Le succès de la collaboration de C215 avec le CEA, initiée en 2013, s’est poursuivi au Musée des Arts et Métiers. Du 27 janvier au 19 avril 2015, le musée accueillait l’exposition E=mc215. Dialogues entre sciences et art. L’exposition, inédite et discrète, s’est déroulée salle de Genlis du Musée des arts et métiers, lieu choisi par Christian Guémy. L’un des street artistes français les plus connus a pu retranscrire son travail au CEA en dévoilant plus de trente-cinq œuvres présentes à Saclay, variant les supports et jouant avec les œuvres déjà présentes.

Le street artiste C215

Pour Christian Guémy la proposition du CEA était un défi à plusieurs titres, avec un mélange de contraintes fortes, contradictoires et de libre fantaisie. Si C215 est habitué à bomber sur des portes, des boîtes aux lettres, des transformateurs et autres mobiliers urbains, en revanche bomber sur un miroir suppose une technique particulière, et encore plus quand il s’agit de bomber sur de la paraffine, matériau glissant, cassable et fusible, ou sur des objets aux formes irrégulières ou arrondies, exigeant un travail d’anamorphose pour restituer une image plane.

Résurgence

L’œuvre grand format de C215 a deux faces. D’un côté une fresque historique montrant Ader - l’initiateur de la conquête de l’espace -, ses plans et son invention ; de l’autre côté, une fresque allégorique figurant une constante de l’imaginaire humain, d’Icare à Star Trek, l’odyssée de l’espace reliant, comme projection de l’esprit humain hors de ses limites physiques et temporelles, la science des trajectoires cosmiques à l’art de ce désir d’infini.

La chambre visionnaire

Comme l’exposition des objets historiés se tenait dans la salle de Genlis du Musée des Arts et Métiers, C215 souhaitait produire une œuvre de grand format, située à l’entrée de la salle, avec deux faces : l’une visible depuis l’escalier monumental et faisant pendant à l’Aquilon, suspendu dans l’escalier, l’autre visible depuis la salle.

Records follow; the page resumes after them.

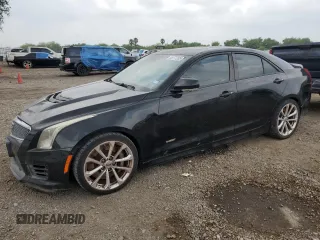 2016 Cadillac ATS-V z VIN 1G6AN5SY6G0142520, wystawiony jako Copart lot #55777205 z przebiegiem 81 157 mil mil oraz Szkody całkowita. Historia ofert i sprzedaży dostępna na DreamBid. Obrazek 1.
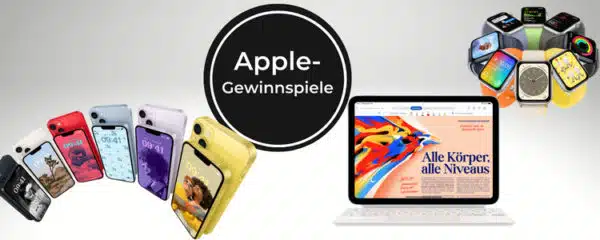 Apple Gewinnspiele Chance Auf Iphone Macbook Und Mehr Sichern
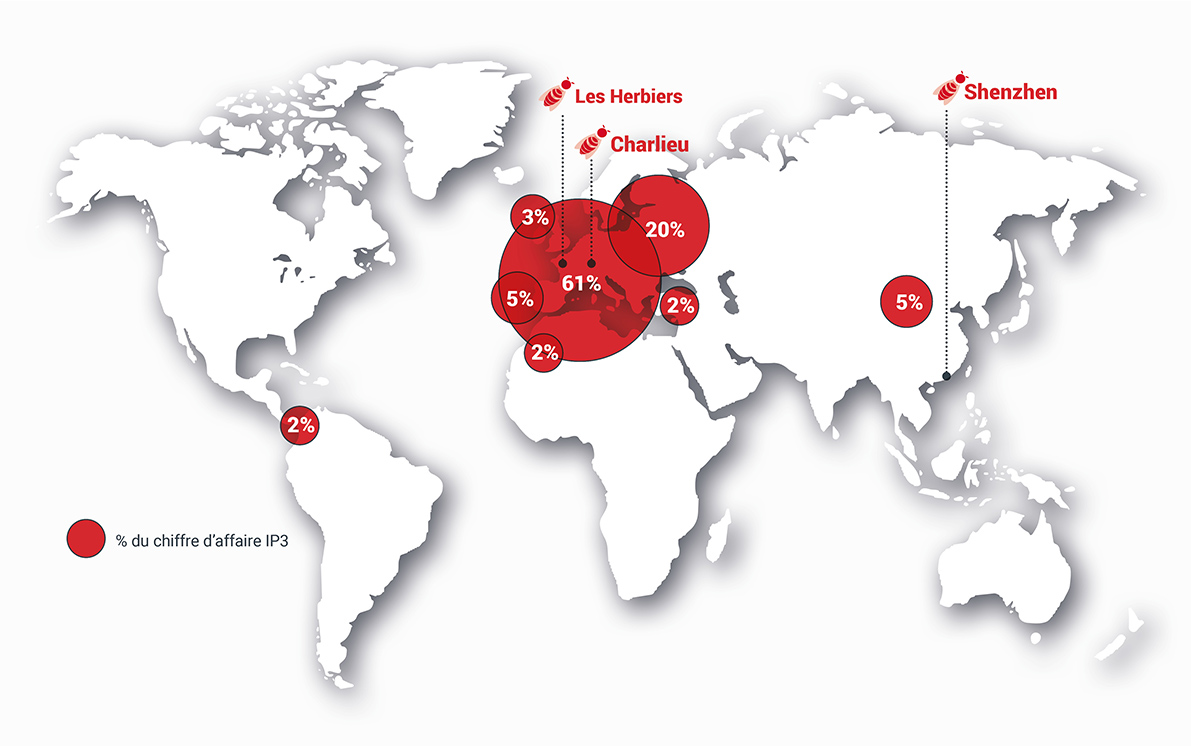 IP3 Entreprise internationale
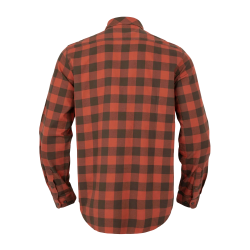 Koszula Härkila Scandinavian L/S Autumn Orange – Funkcjonalna koszula myśliwska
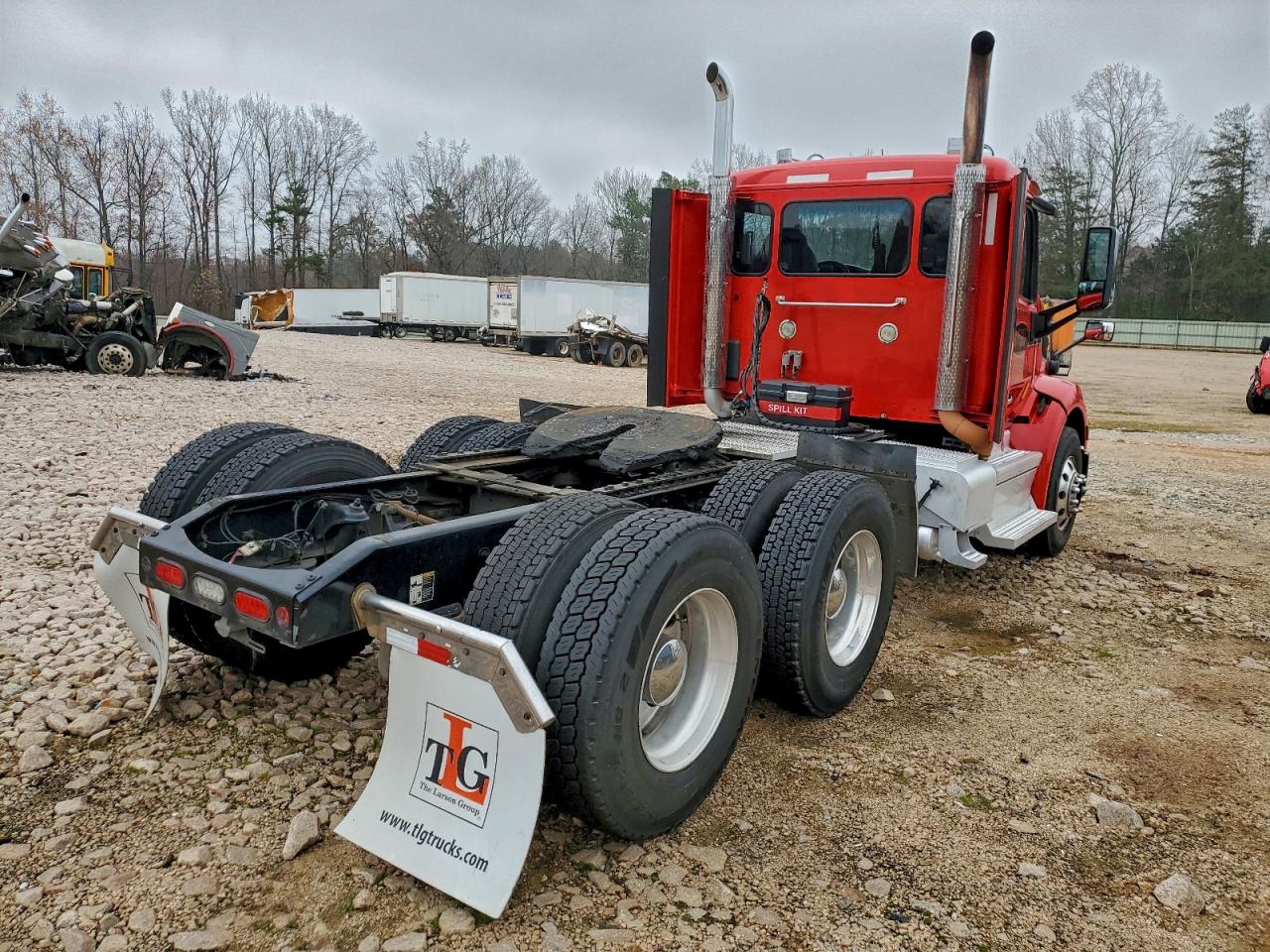 2020 PETERBILT All models VIN 1XPBDP9XXLD711058 photo 4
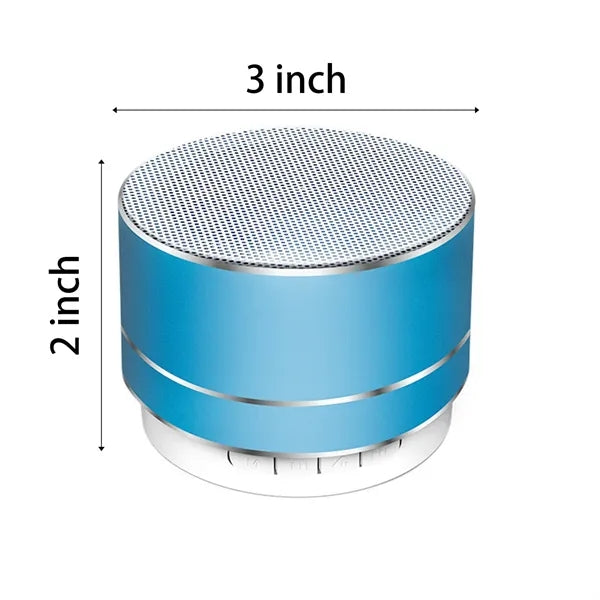 Portable Bluetooth Speaker HD Audio Built In Speakerphone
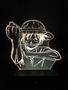 Imagem de Luminaria Led 3d, Luffy, One Piace, Anime, Geek, 16 Cores controle remoto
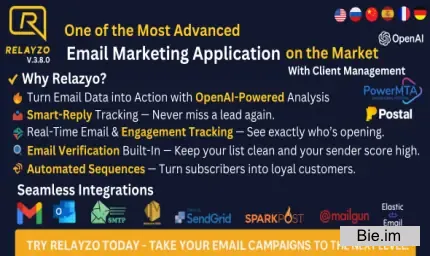 Relayzo - Email Marketing Application - 9 July 2025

L’une rétrospective et scientifico-technique, l’autre prospective et imaginaire.

Conclusion

Ce projet marque la réussite d’une concordance entre un centre de recherches, un musée de divulgation scientifique et un artiste. C215 sut épouser une culture techno-scientifique pour montrer que l’imagination est une capacité d’innovation qui préside à l’invention d’appareils autant qu’elle résulte de leur puissance onirique.

Ouverture

L’art moderne nous a appris qu’il n’y a jamais de rebut, tout objet délaissé pouvant devenir le matériau d’un détournement, d’une appropriation artistique. La résurgence apparaît ici non comme l’actualisation d’un appareil, mais comme la métamorphose d’une pièce réformée en nouvelle habitabilité du monde. Ce cycle des renaissances nous convie à une vie meilleure.